𝐹=𝑌∩𝐻 for some closed subset H of X.

Expert's answer

Let us suppose that $F\subseteq Y$ is such that there exists a closed set $H\subseteq X$ such that $F=H\cap Y$ . Suppose that $(x_n)_{n\in \mathbb{N}}$ is a sequence of elements of $F$ that admits a limit $x$ in $Y$ (i.e. $x_n\to x$ and $x\in Y$ ). As $F\subseteq H$ and $H$ is closed, we have $x\in H$ (as we can view the sequence $x_n$ as a sequence in $X$ ).

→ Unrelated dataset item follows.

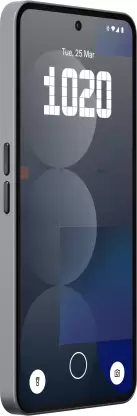 Nothing Phone (3a) Pro (Grey, 256 GB) (8 GB RAM)_2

As $x\in H, x\in Y$ , we have $x\in H\cap Y = F$ . Therefore, $F$ is closed in $Y$ .
Now let us suppose that $F\subseteq Y$ is closed in $Y$ . We take $H:= \bar{F}$ and we will prove that indeed $F=Y\cap H$ . As $F\subseteq Y$ and $F\subseteq \bar{F}$ we have $F\subseteq Y\cap H$ . Now let $x\in Y\cap H$ . As $x\in \bar{F}$ , there exists a sequence $(x_n)_{n\in \mathbb{N}}$ of elements of $F$ such that $x_n\to x$ in $X$ . As $x\in Y$ , we also have that $x_n\to x$ in $Y$ . Finally, as $F$ is closed in $Y$ , we have $x\in F$ (as it is a limit in $Y$ of elements of $F$ ). Therefore, $Y\cap H \subseteq F$ and by the double inclusion we conclude that $F=Y\cap H$ for a closed subset $H$ of $X$ .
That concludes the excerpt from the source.